The lines running from the one that contains "Name: GBPUSD_2022-10-25_10-58-42_0f31d.png" to the end of the records below are what to reproduce, exactly and without pictures.

+===+

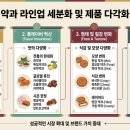 도행당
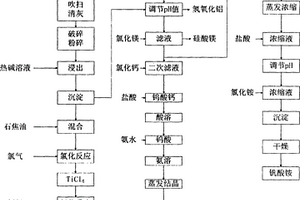 廢棄脫硝催化劑資源化的方法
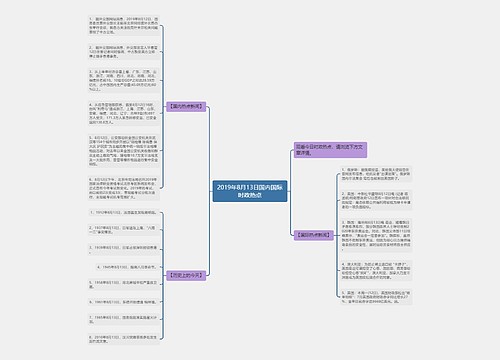 2019年8月13日国内国际时政热点
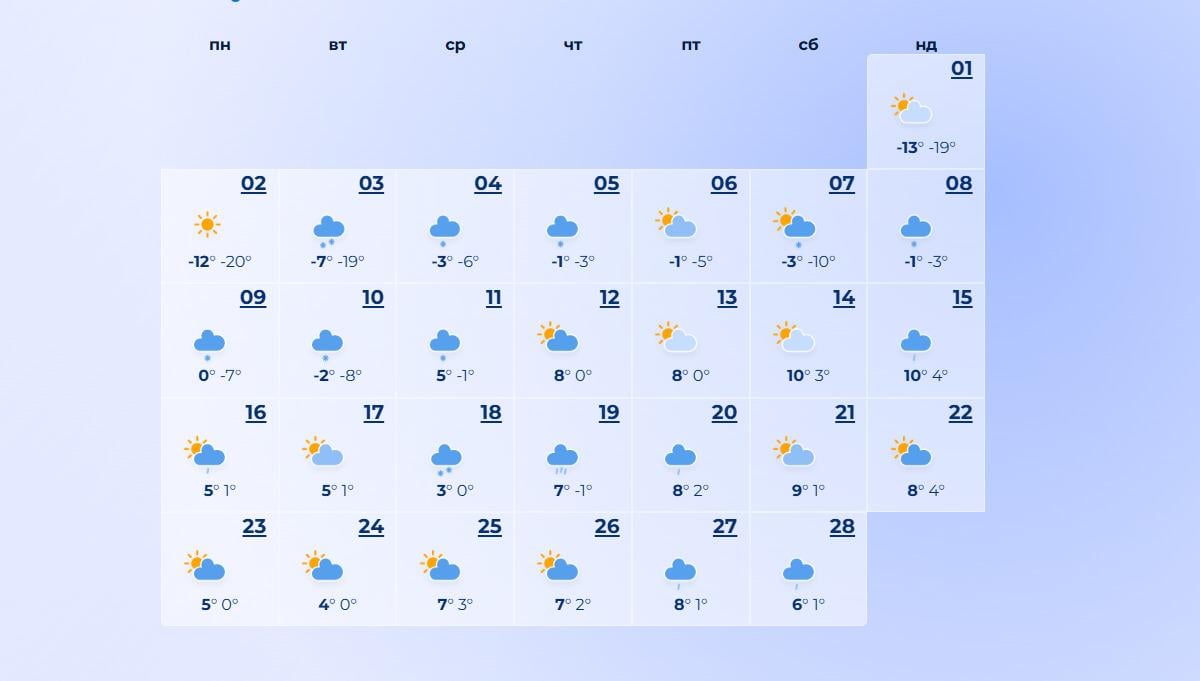 погода в лютому
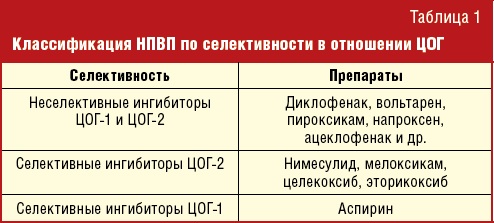 Нестероидные противовоспалительные препараты нового поколения. Список: мази, свечи, таблетки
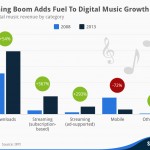chartoftheday_2061_Digital_music_growth_n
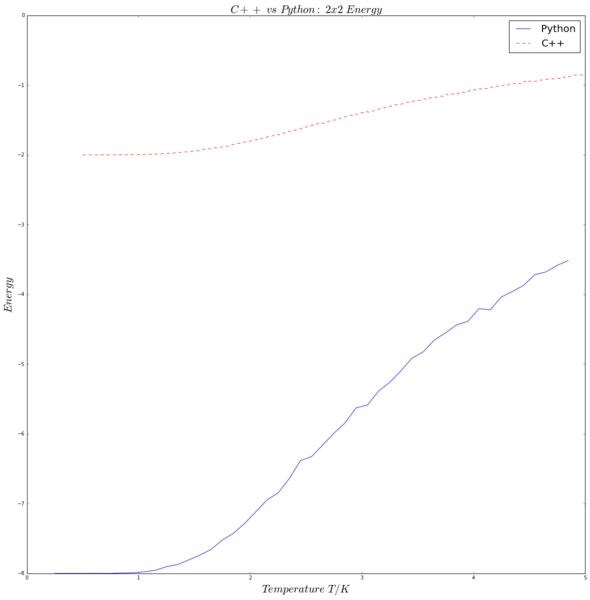 File:CMP MC C++ E.png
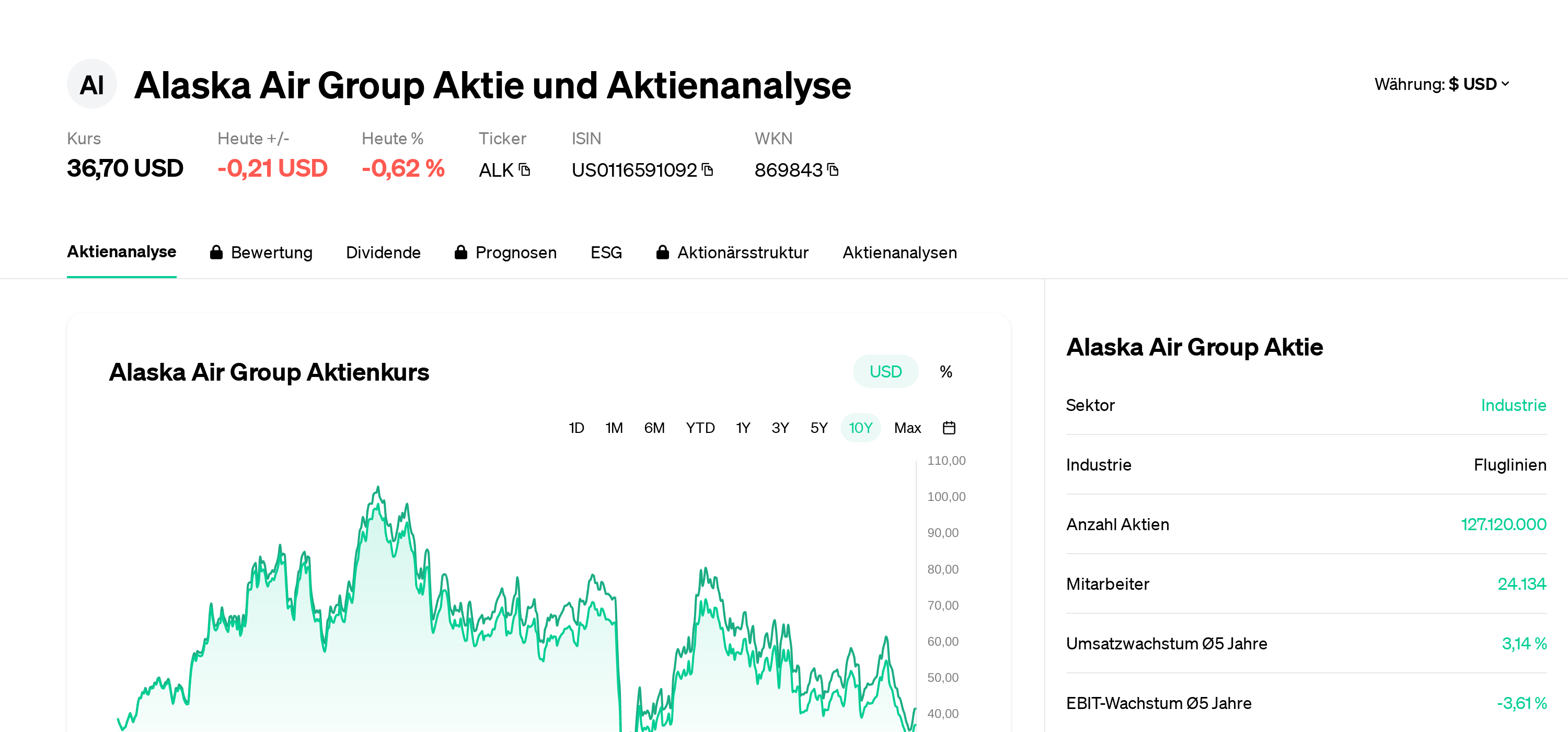 Alaska Air Group Акция Анализ акций | Цена акции | Новости | ALK |  US0116591092 | 869843 | Eulerpool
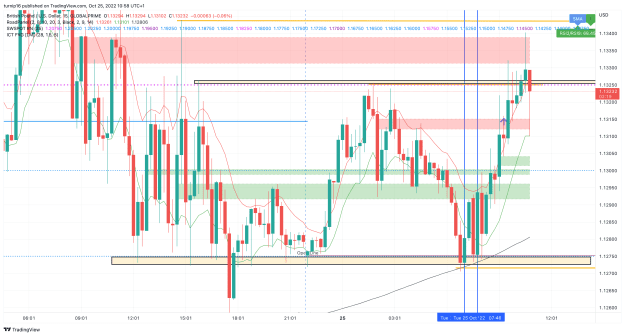 Click to Enlarge

Name: GBPUSD_2022-10-25_10-58-42_0f31d.png
Size: 154 KB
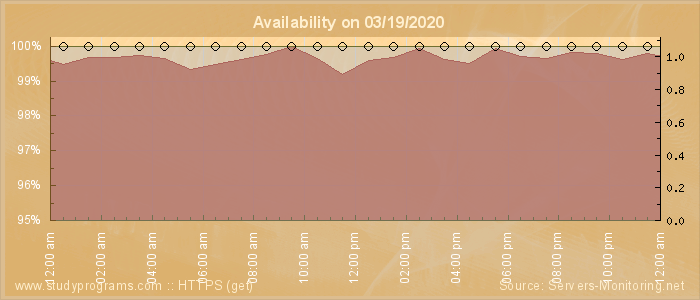 Availability diagram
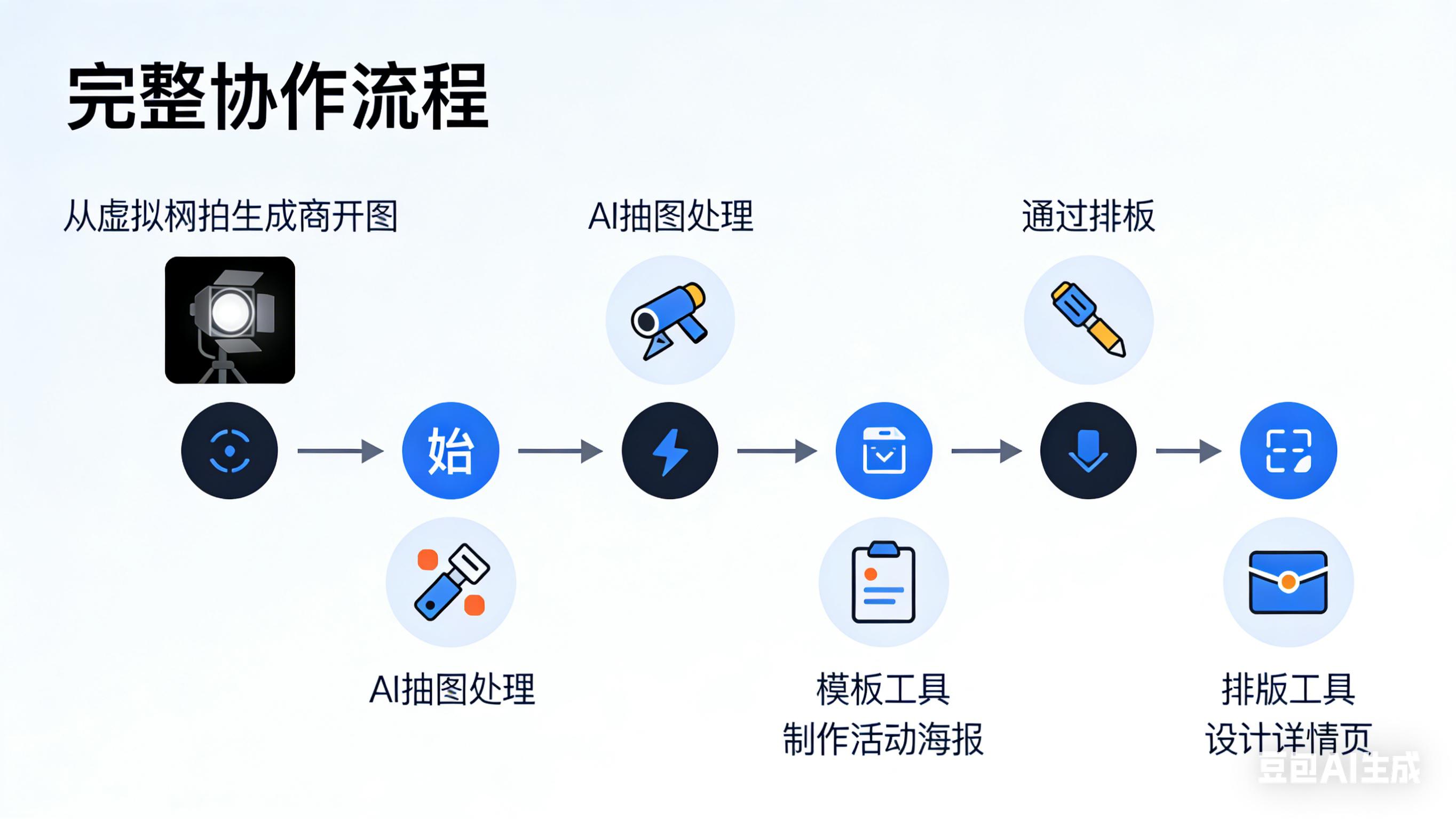 AI 设计工具实测！5 款热门工具的优缺点全揭秘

+===+

◆ Expected answer
Name: GBPUSD_2022-10-25_10-58-42_0f31d.png
Size: 154 KB
 Availability diagram
 AI 设计工具实测！5 款热门工具的优缺点全揭秘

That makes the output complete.